Where Economic Growth Meets Sustainability The data center industry’s contributions to local economies are undeniable. From job creation to substantial tax revenues, these facilities have reshaped Virginia’s economic landscape. Loudoun County alone hosts 199 operational data centers, with another 148 applications under review. The economic growth in ongoing data center development has spread out across […]

Where Economic Growth Meets Sustainability

The data center industry’s contributions to local economies are undeniable. From job creation to substantial tax revenues, these facilities have reshaped Virginia’s economic landscape. Loudoun County alone hosts 199 operational data centers, with another 148 applications under review.
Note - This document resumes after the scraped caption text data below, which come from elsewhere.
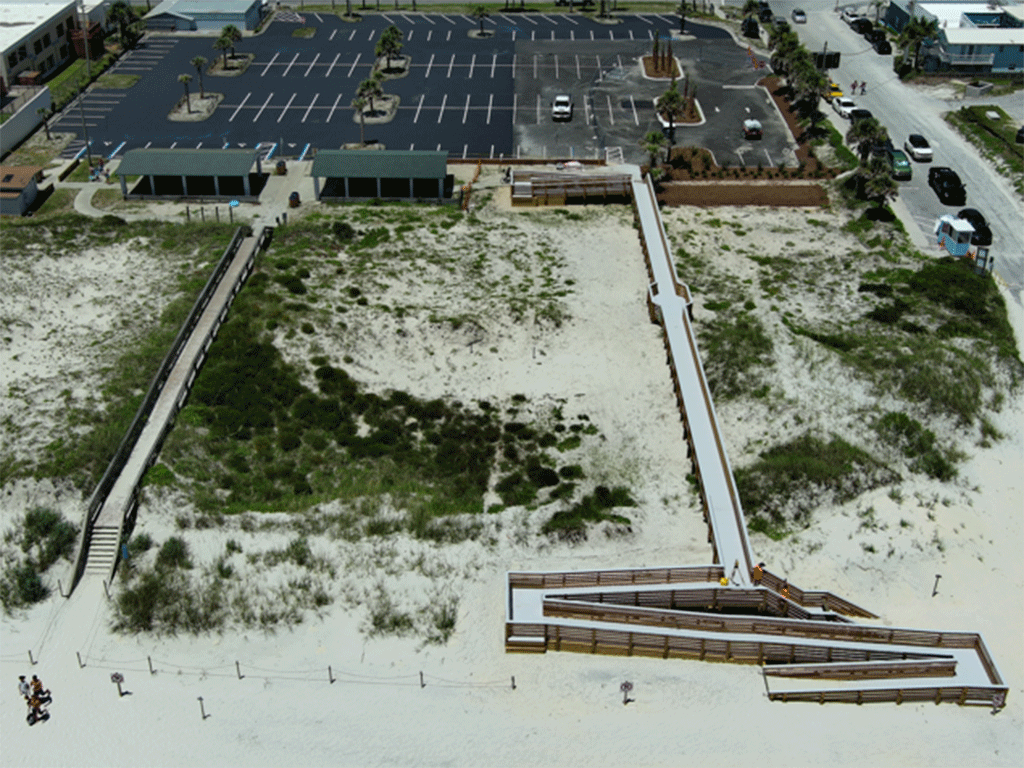 An aerial view of an ADA beach access ramp leading to the sand from a newly expanded parking lot.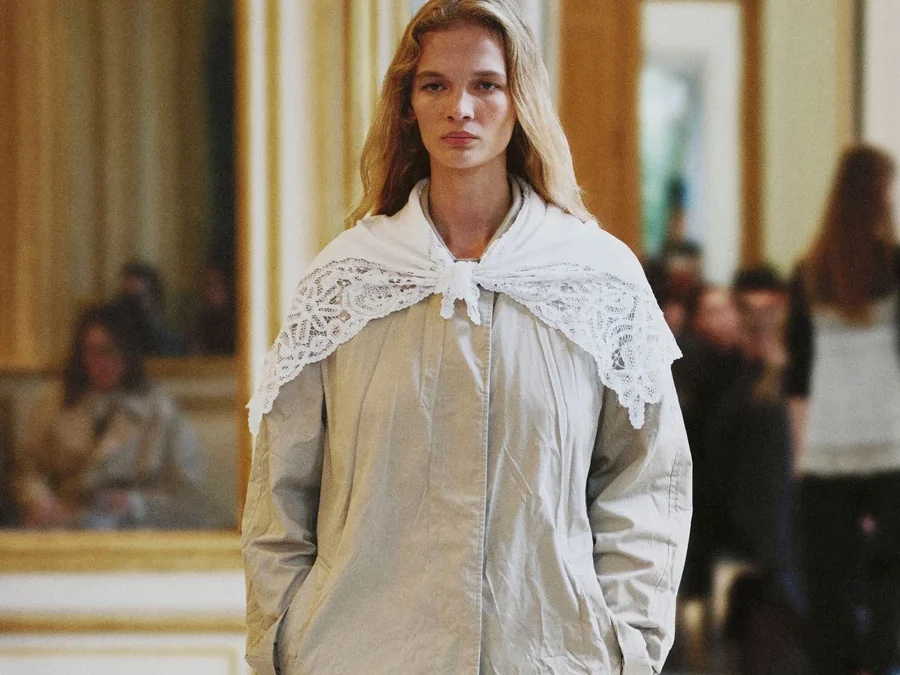 Mannequin du défilé The Row printemps-été 2027 en manteau gris clair, col en dentelle blanche et pantalon noir.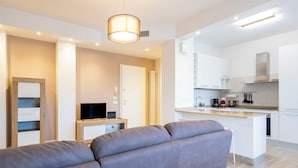 Una sala de estar moderna con un sofá gris, una televisión y un escritorio pequeño con una computadora.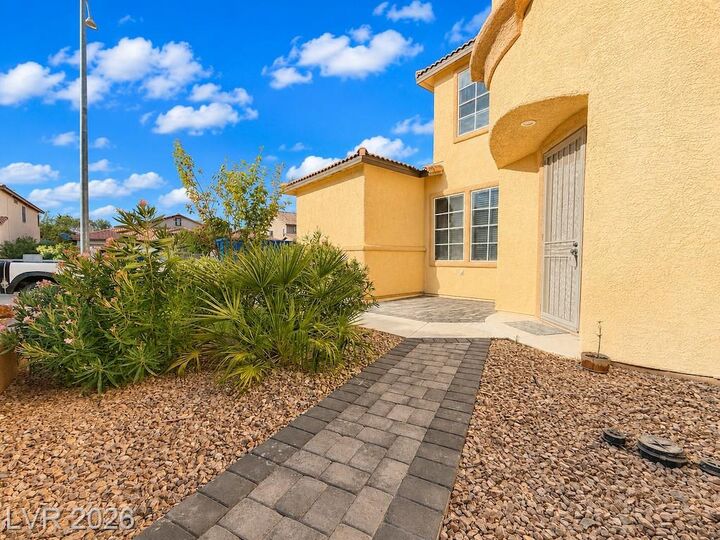 Property Photo: 7681 West Mesa Verde Lane NV 89113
The economic growth in ongoing data center development has spread out across the state even as it’s remained close to Data Center Alley. The ongoing growth underscores the demand for the infrastructure to support the digital economy, while highlighting ways forward and also challenges in sustainability and community compatibility. A pair of recent examples in the news exemplify this trend.

TECfusions Grows In Clarksville

In Clarksville, Virginia in far southern Mecklenburg County, TECfusions is spearheading innovative AI data center development. Backed by a $300 million loan agreement to be used for the development and expansion of its site there, the company’s flagship facility aims to meet the increasing demands of AI workloads.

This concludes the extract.